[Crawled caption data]
┌──

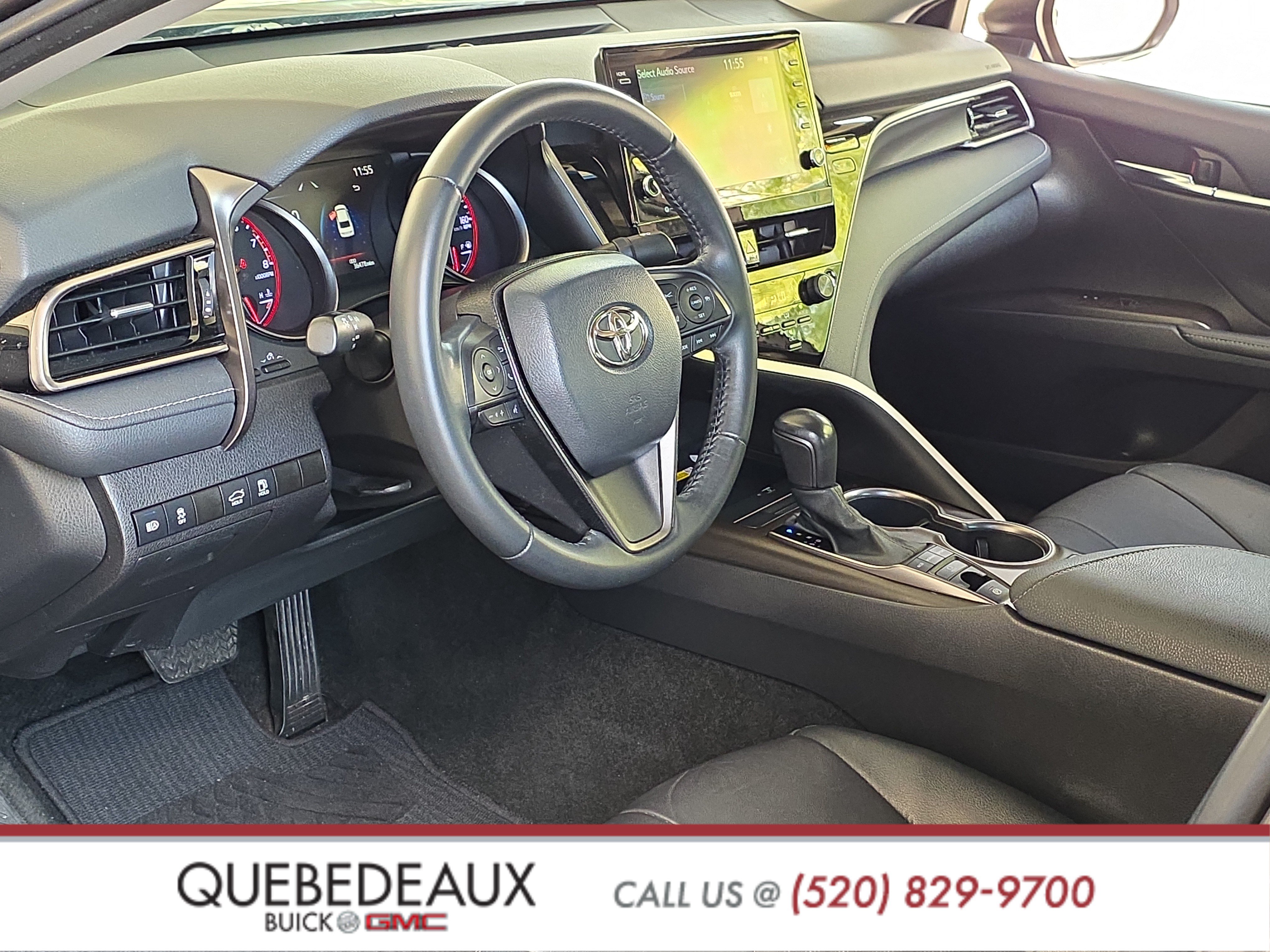 Used 2022 Toyota Camry XSE FWD image 10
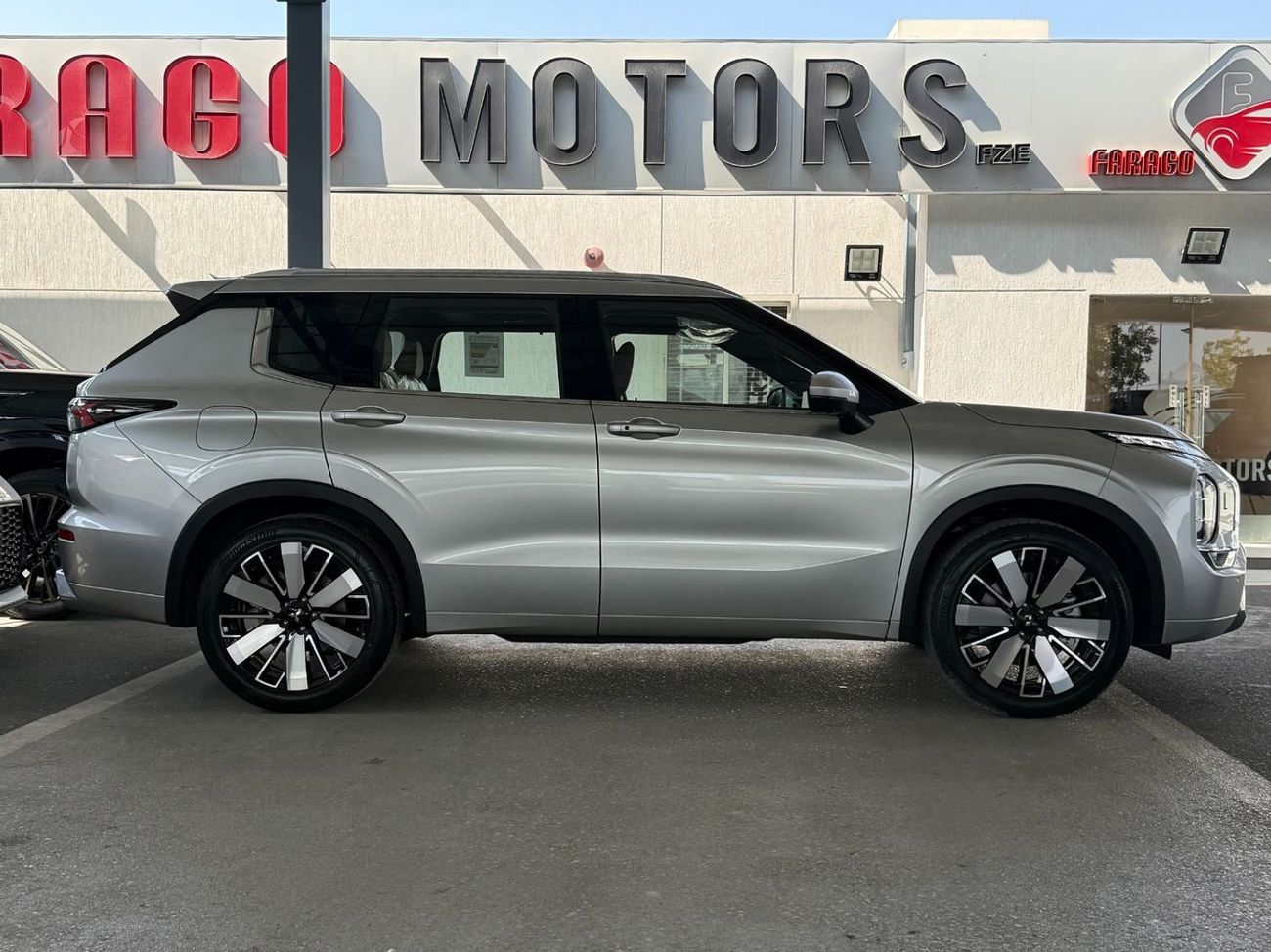 ميتسوبيشي آوتلاندر OUTLANDER 2.5 P-LINE 4WD **EXPORT ONLY**التصدير فقط خارج الخليج**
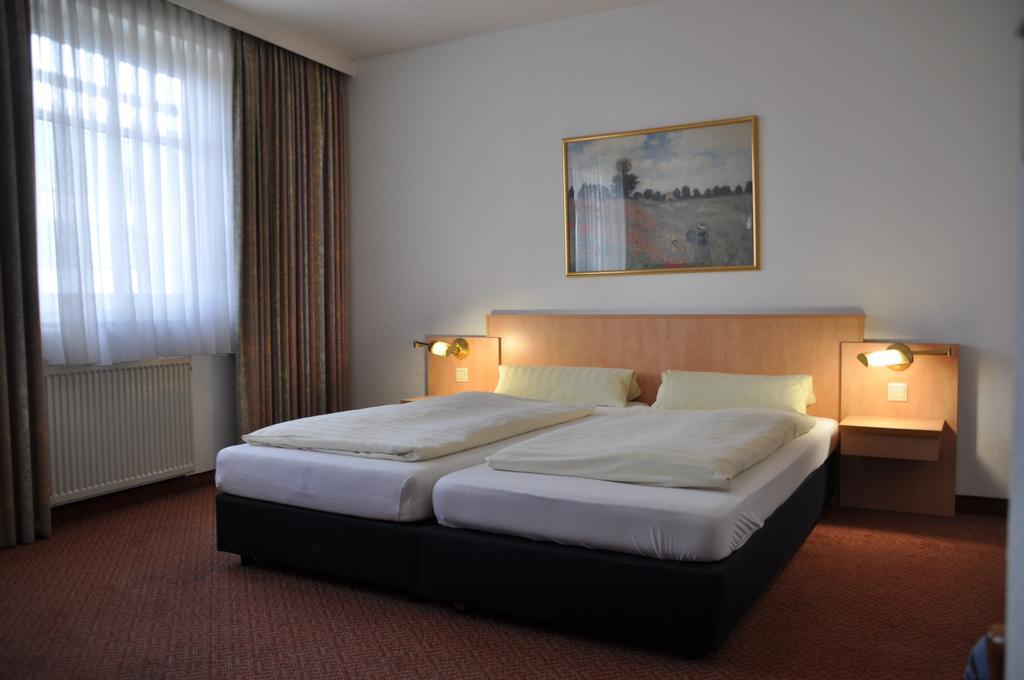 Hotel Hornung Darmstadt Phòng bức ảnh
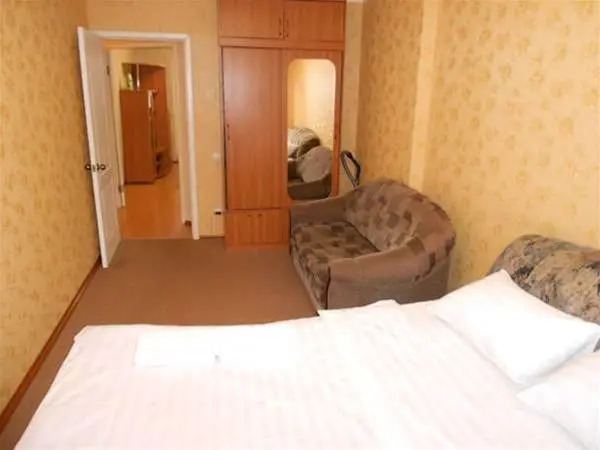 Екатеринбург: Apartments Domovoi on Akademicheskaya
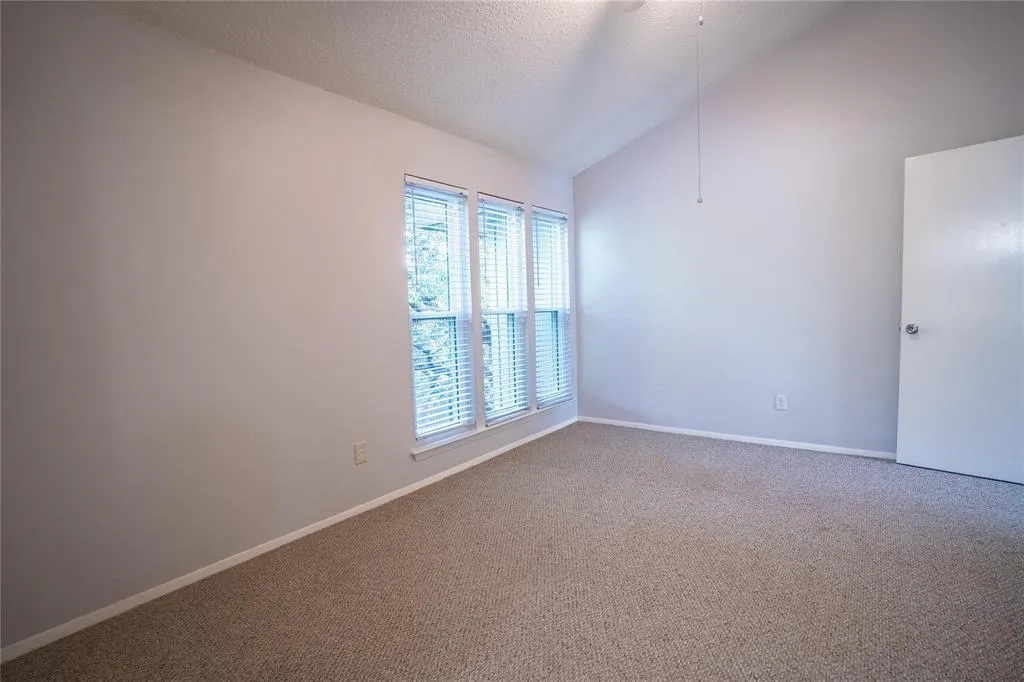 4020 Holland Avenue, #202
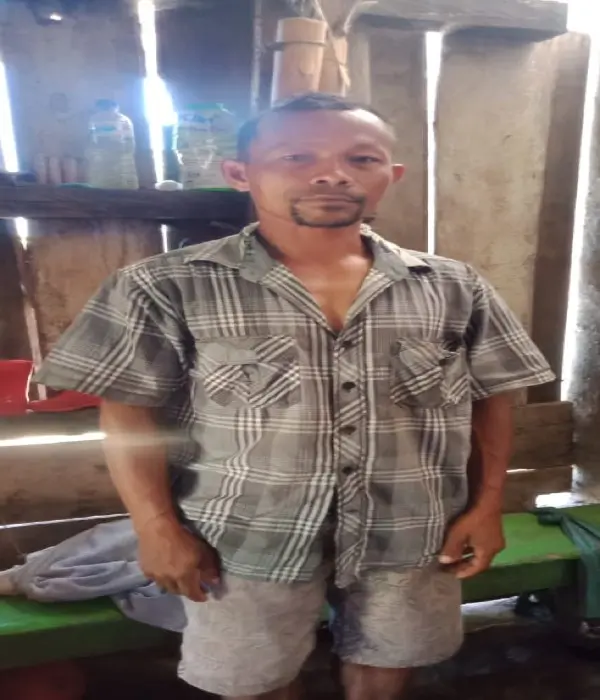 Yustinus Sehong, Warga Dusun Pasat yang diancam dengan sebilah Parang oleh terduga pelaku, Thomas Didi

└──

> _TASK INSTRUCTIONS_: Please repeat, with no pictures, each line from the start of the records above through the line with "4020 Holland Avenue, #202", inclusive, and only those.

> _SOLUTION_:
 Used 2022 Toyota Camry XSE FWD image 10
 ميتسوبيشي آوتلاندر OUTLANDER 2.5 P-LINE 4WD **EXPORT ONLY**التصدير فقط خارج الخليج**
 Hotel Hornung Darmstadt Phòng bức ảnh
 Екатеринбург: Apartments Domovoi on Akademicheskaya
 4020 Holland Avenue, #202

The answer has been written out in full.